Enclosure, Lissanisky, Co. Cork
Co. Cork |
Enclosures
Some archaeological sites announce themselves with standing stones or earthen banks you can walk around and touch.
Others exist only as a trick of the light, visible solely from the air under the right conditions. The enclosure at Lissanisky, in north County Cork, belongs to that second, quieter category. It survives not as a physical presence on the ground but as a cropmark, a phenomenon where buried ditches and features cause the vegetation above them to grow differently, producing patterns legible only in aerial photographs. In this case, the image captured in July 1989 revealed the ghostly outlines of two concentric fosses, that is, ditches, forming a roughly circular enclosure approximately 40 metres in diameter.
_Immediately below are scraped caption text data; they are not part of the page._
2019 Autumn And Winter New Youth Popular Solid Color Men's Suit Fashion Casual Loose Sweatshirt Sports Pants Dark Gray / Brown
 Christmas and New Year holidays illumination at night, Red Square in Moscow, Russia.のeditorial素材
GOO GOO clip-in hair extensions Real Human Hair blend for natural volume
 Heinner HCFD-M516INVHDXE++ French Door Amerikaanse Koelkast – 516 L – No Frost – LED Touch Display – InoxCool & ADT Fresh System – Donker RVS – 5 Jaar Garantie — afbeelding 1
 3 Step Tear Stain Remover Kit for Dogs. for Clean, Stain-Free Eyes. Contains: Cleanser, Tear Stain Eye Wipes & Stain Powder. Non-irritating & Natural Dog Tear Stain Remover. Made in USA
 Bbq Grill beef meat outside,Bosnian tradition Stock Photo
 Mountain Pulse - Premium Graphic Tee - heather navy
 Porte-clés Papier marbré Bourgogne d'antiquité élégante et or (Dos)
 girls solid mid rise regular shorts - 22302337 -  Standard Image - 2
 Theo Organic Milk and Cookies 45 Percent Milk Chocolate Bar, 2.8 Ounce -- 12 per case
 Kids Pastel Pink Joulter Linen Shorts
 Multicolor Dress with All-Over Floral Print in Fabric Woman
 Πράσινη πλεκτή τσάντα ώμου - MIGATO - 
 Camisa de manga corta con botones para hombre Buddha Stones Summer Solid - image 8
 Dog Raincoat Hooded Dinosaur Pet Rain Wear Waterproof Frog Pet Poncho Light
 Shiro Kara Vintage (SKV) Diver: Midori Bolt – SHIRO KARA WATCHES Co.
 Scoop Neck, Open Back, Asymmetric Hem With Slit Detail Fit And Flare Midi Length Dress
The double-foss arrangement is significant. A single enclosing ditch is common enough in the Irish landscape, associated with ringforts and other early medieval settlements. Two concentric ones suggest either added defensive intention or a more complex history of use, possibly a site of some local importance whose ditches were dug or modified at different times. The enclosure's circular form and scale are broadly consistent with a ringfort, though without excavation the date and function remain open questions. What the 1989 aerial photograph also showed is that the site has not survived intact. The enclosure is truncated to the south-west by a field fence, meaning later agricultural boundaries have cut through and erased part of the original circuit, leaving only the cropmark as evidence that something more complete once existed here.